Le Conseil d’État français demandait à la Cour de justice de l’Union européenne si la notion d’OGM telle que définie par la législation européenne (directive 2001/18) couvre les organismes issus de mutagénèse et notamment les organismes issus des « nouvelles techniques de mutagénèse dirigée mettant en œuvre des procédés de génie génétique ».
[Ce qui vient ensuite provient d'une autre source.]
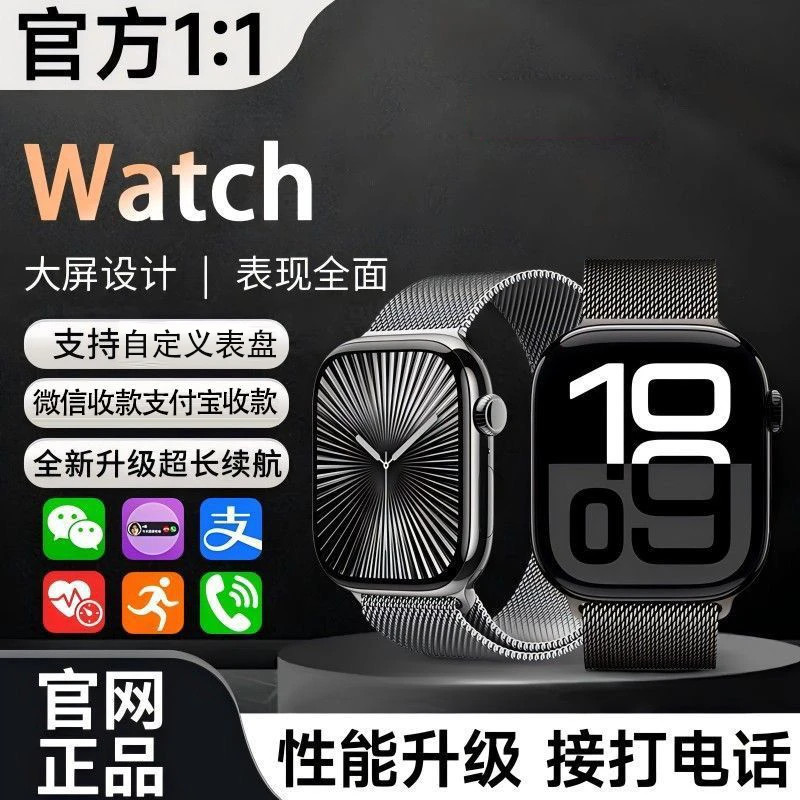 华强北s10手表顶配版灵动岛新款多功能蓝牙智能电话手表消息接收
Ce n’est pas la première fois que la Cour est amenée à préciser la notion d’OGM. Dans l’affaire « Bablok » [3] [4], la Cour avait dû répondre à la question de savoir si le pollen issu d’une variété de maïs génétiquement modifié constitue, ou non, un OGM [5]. Elle avait alors considéré que si le pollen a perdu sa capacité de reproduction et est dépourvu de toute capacité de transférer du matériel génétique qu’il contient, il n’est pas un « organisme » et donc ne relève plus de la notion d’OGM [6].
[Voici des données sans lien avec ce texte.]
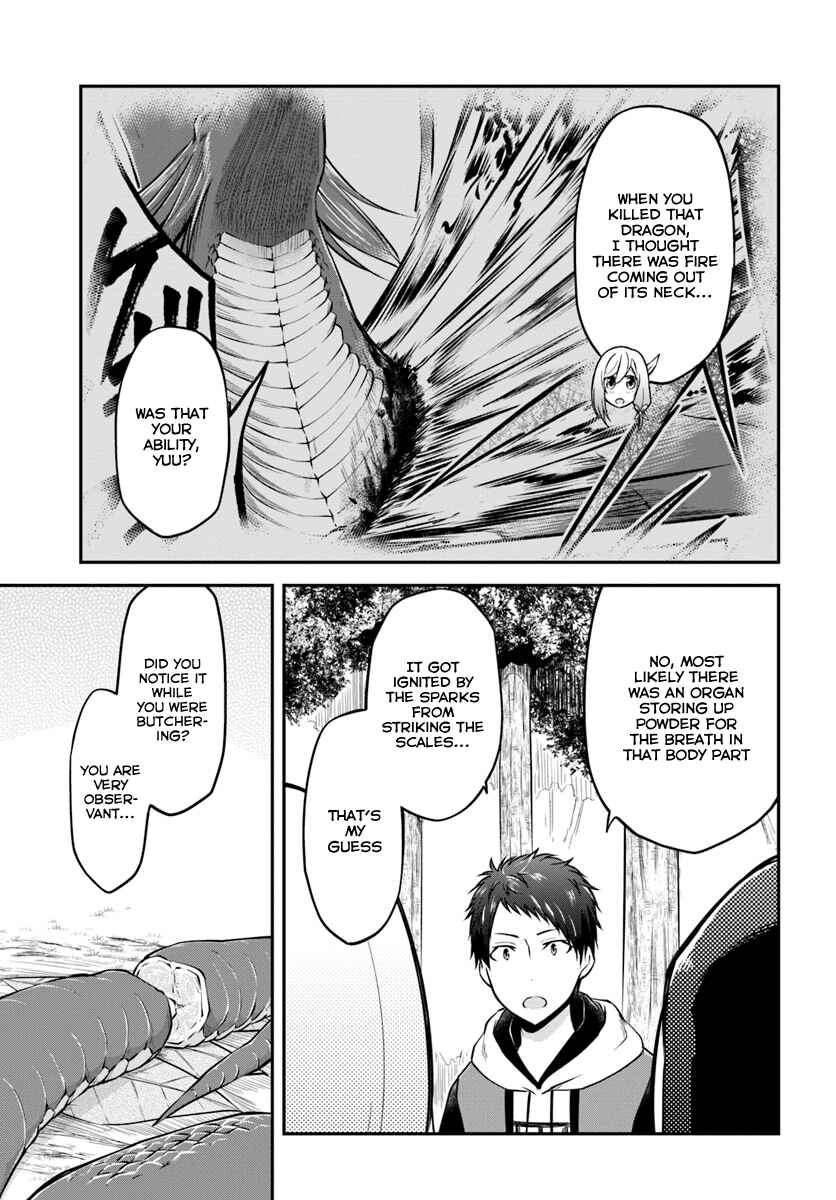 Page 15 Chapter 14 Isekai Cheat Survival Meshi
Dans l’affaire mutagénèse, il s’agit de savoir si des organismes issus d’une technique spécifique, la mutagénèse, sont des OGM. Ici, la question est donc centrée sur la technique permettant de produire les organismes concernés.

La notion d’OGM est une notion ouverte

Selon la directive 2001/18, un OGM se définit comme « un organisme, à l’exception des êtres humains, dont le matériel génétique a été modifié d’une manière qui ne s’effectue pas naturellement par multiplication et/ou par recombinaison naturelle » [7]. Cette définition ne fait a priori aucun lien entre OGM et apport de matériel génétique exogène, quoi que cette équation ait souvent été mise en avant par les partisans des biotechnologies végétales.
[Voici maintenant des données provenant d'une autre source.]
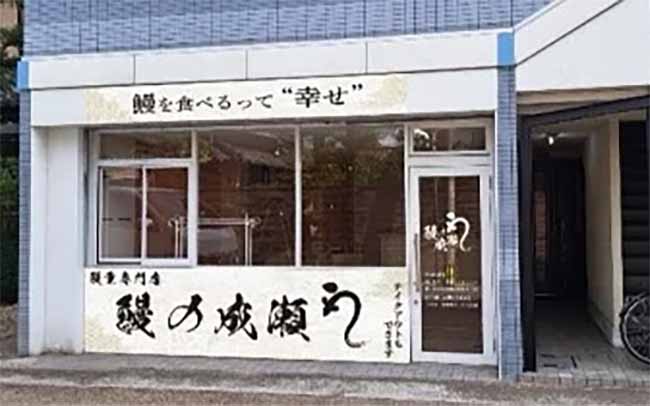 鰻の成瀬 嵐山店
La première directive applicable aux OGM (directive 90/220), tout comme celle actuellement en vigueur (directive 2001/18), exclut, entre autres, les organismes issus de mutagénèse de son champ d’application. Par conséquent, la culture de ces organismes ne requiert ni autorisation préalable, ni évaluation des risques, et leur commercialisation ne requiert ni étiquetage, ni traçabilité. Mais cette exemption signifie-t-elle que ces organismes ne sont pas des OGM ?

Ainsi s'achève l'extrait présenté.